━━━ Data block ━━━
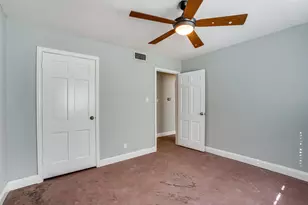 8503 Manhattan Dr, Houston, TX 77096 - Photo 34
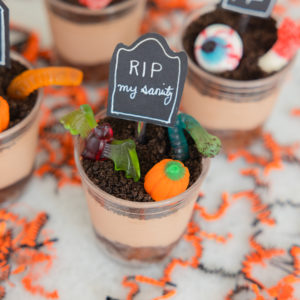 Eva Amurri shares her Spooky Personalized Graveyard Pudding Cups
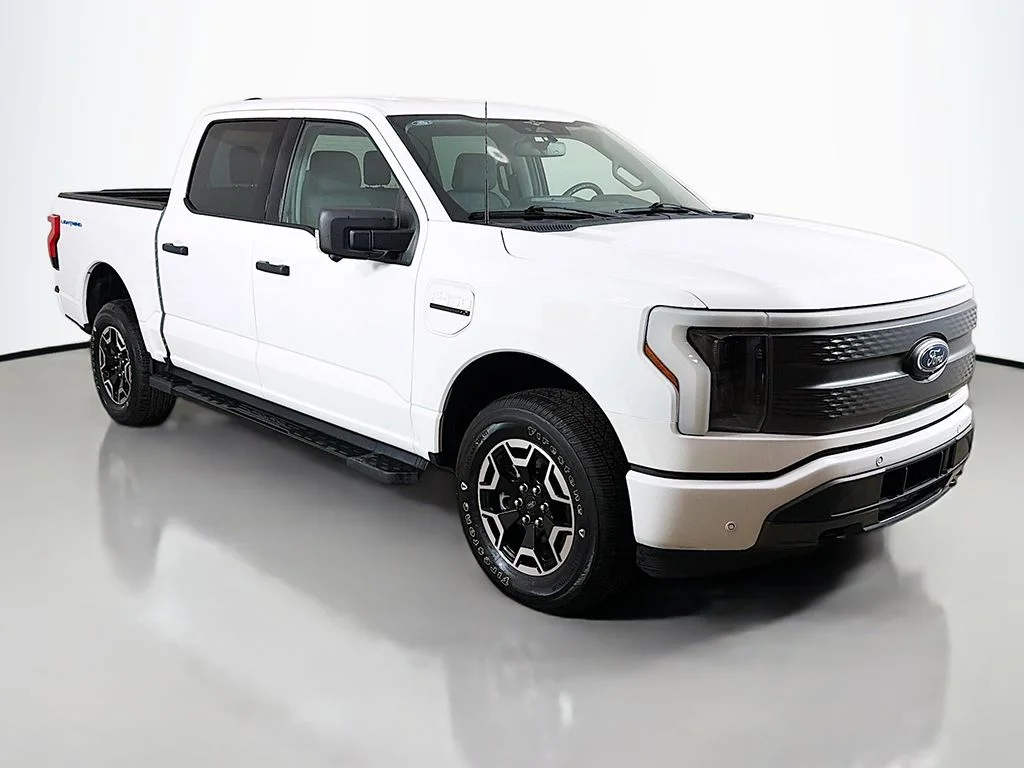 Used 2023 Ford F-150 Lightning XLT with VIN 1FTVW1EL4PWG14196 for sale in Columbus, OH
━━━
Could you give the listing above again word for word, without any pictures?

 8503 Manhattan Dr, Houston, TX 77096 - Photo 34
 Eva Amurri shares her Spooky Personalized Graveyard Pudding Cups
 Used 2023 Ford F-150 Lightning XLT with VIN 1FTVW1EL4PWG14196 for sale in Columbus, OH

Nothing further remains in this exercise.